_What you need to do_
Begin at the line below that holds "自家製きゅうりの一本漬" and end at the line that holds "eufy Security Wall", transcribing each line exactly and skipping any picture.

*** Records for the task ***

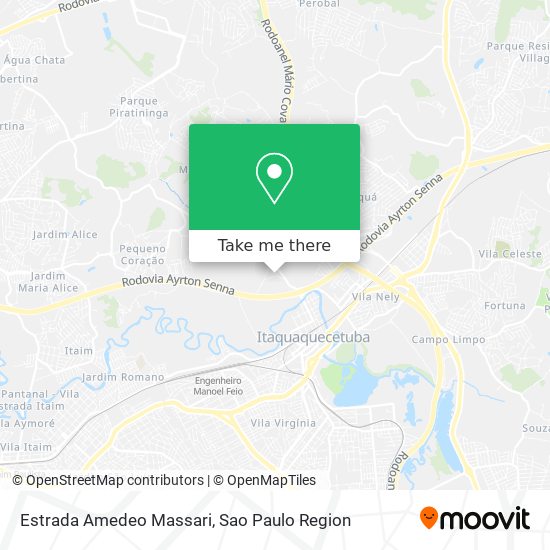 Estrada Amedeo Massari map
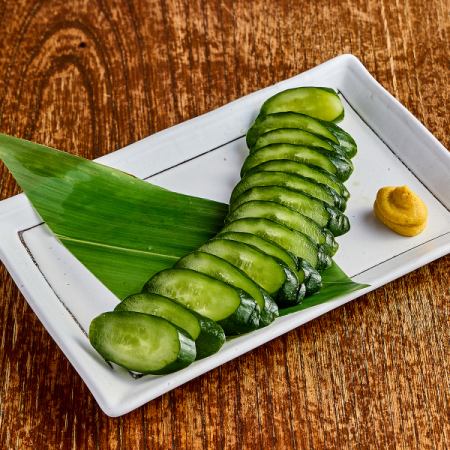 自家製きゅうりの一本漬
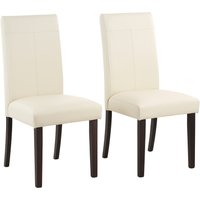 Home affaire Esszimmerstuhl "Rubin Polsterstuhl Bestseller", (Set), 2 St., Kunstleder, Im 2er, 4er oder 6er-Set, mit honigfarbenen oder dunkelbraunen Beinen von home affaire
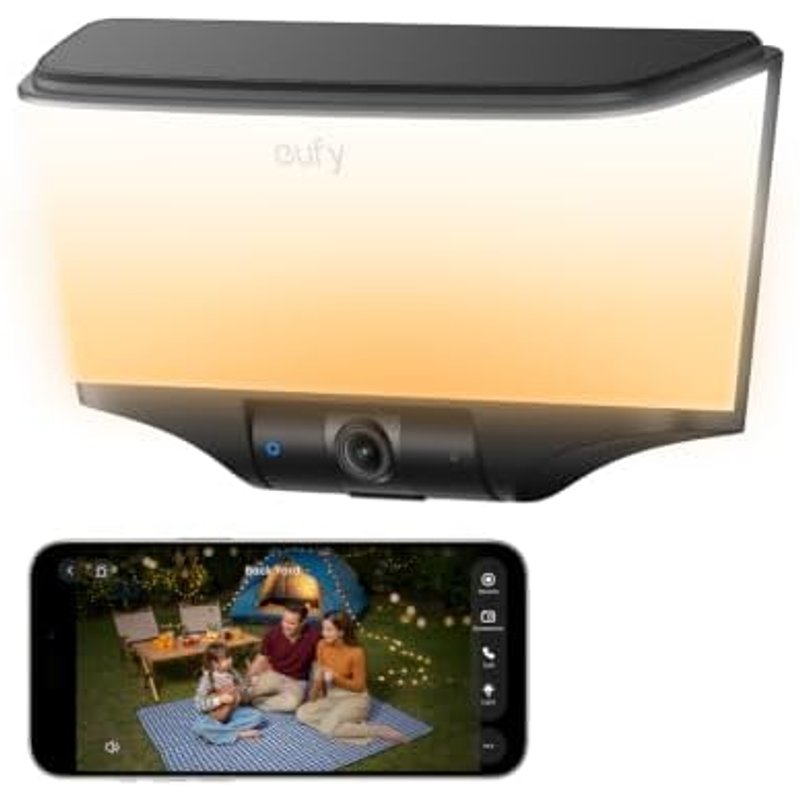 eufy Security Wall Light Cam S4, 4K Ultra HD, Solar Security Camera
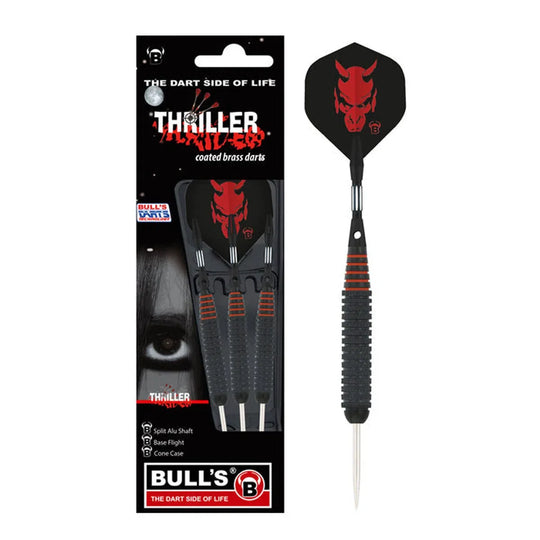 Bull's DE Thriller Knurled Brass Steel Tip Darts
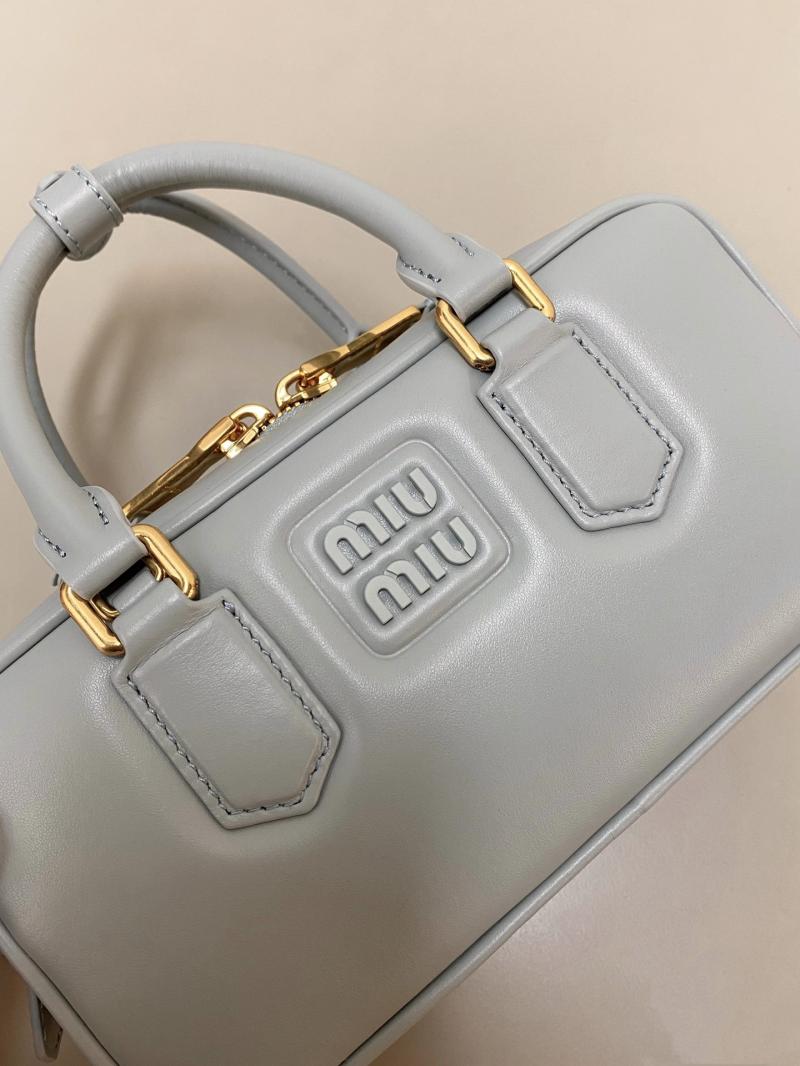 Small Miu Miu Arcadie leather Bag Powder Blue 5BB142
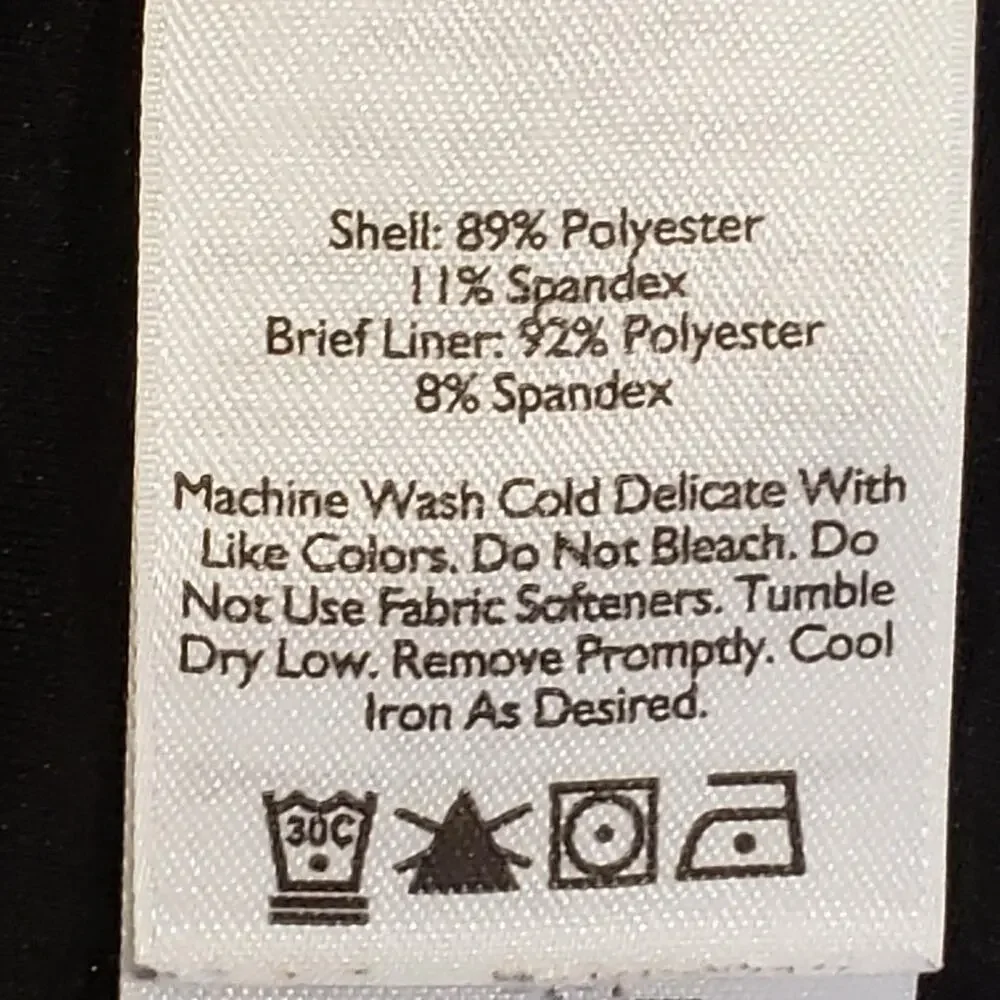 Eddie Bauer Black Skort Mini Skirt Activewear Outdoor Golf Stretch Size 14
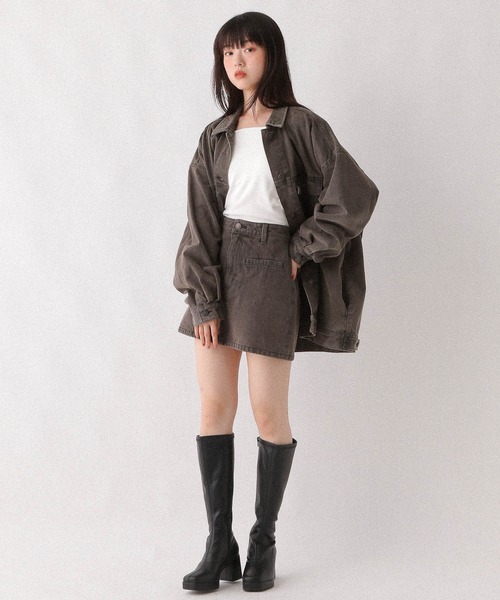 Heather（ヘザー） tシャツ カップ付きオフショルTEE 599323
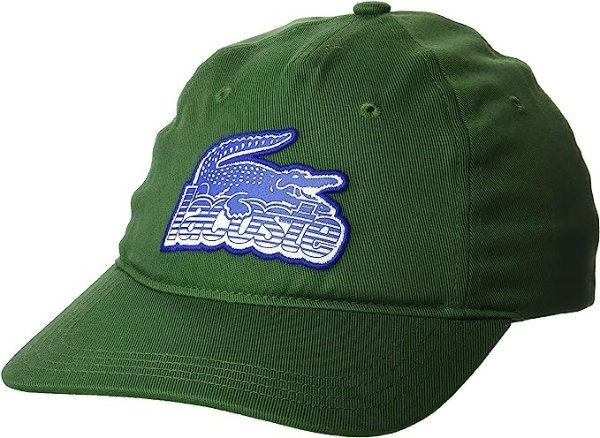 Men's Twill Baseball Hat with Croc Patch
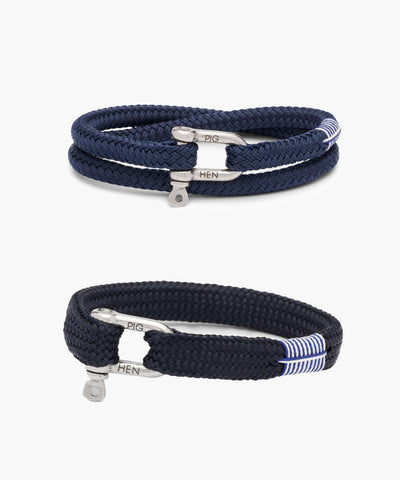 Captive Shackle Salty Steve Silver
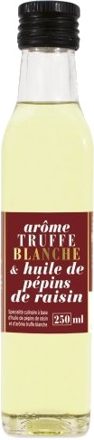 Huile de pépins de raisin arôme truffe blanche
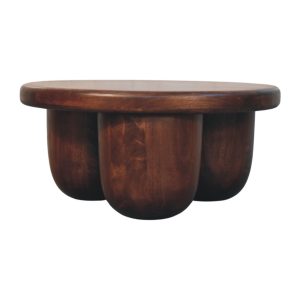 Brown Coffee Table - Nora Lane Home furniture - Solid wood - 35.43 x 35.43 x 18.11 in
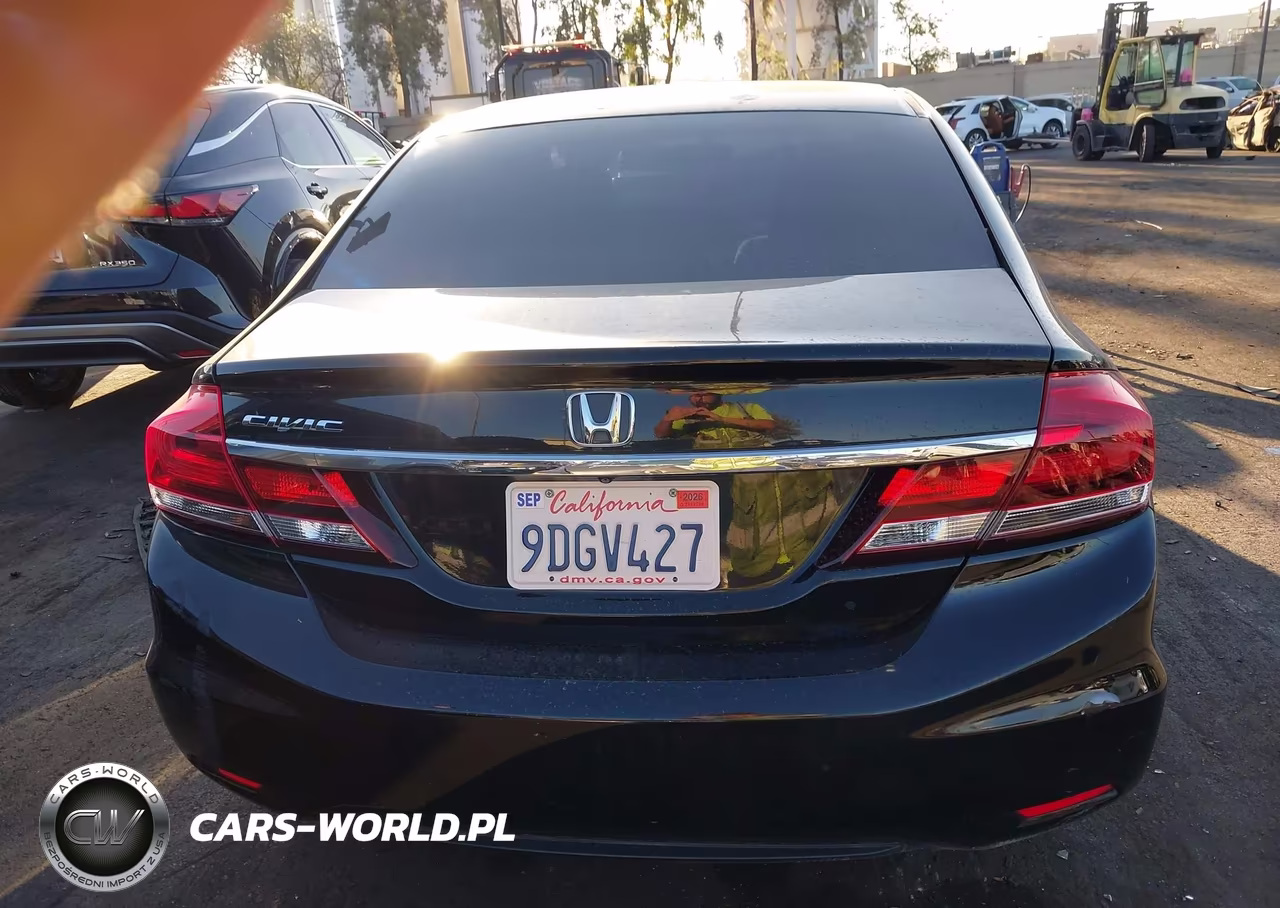 2013 Honda Civic Lx VIN:19XFB2F54DE252558 - 16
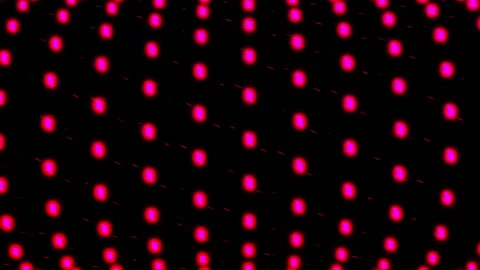 Colorful circles continuously rotating in bending lines, seamless loop. Design Stock Footage 188571550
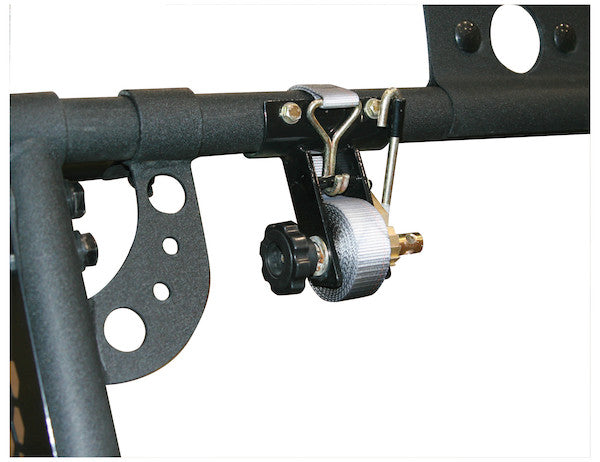 1-1/2 Inch x 7 Foot Steel Ladder Rack Ratchet Tie Down Tube Mount with Double J Hooks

*** End of Records for the task ***

_Output below_
 自家製きゅうりの一本漬
 Home affaire Esszimmerstuhl "Rubin Polsterstuhl Bestseller", (Set), 2 St., Kunstleder, Im 2er, 4er oder 6er-Set, mit honigfarbenen oder dunkelbraunen Beinen von home affaire
 eufy Security Wall Light Cam S4, 4K Ultra HD, Solar Security Camera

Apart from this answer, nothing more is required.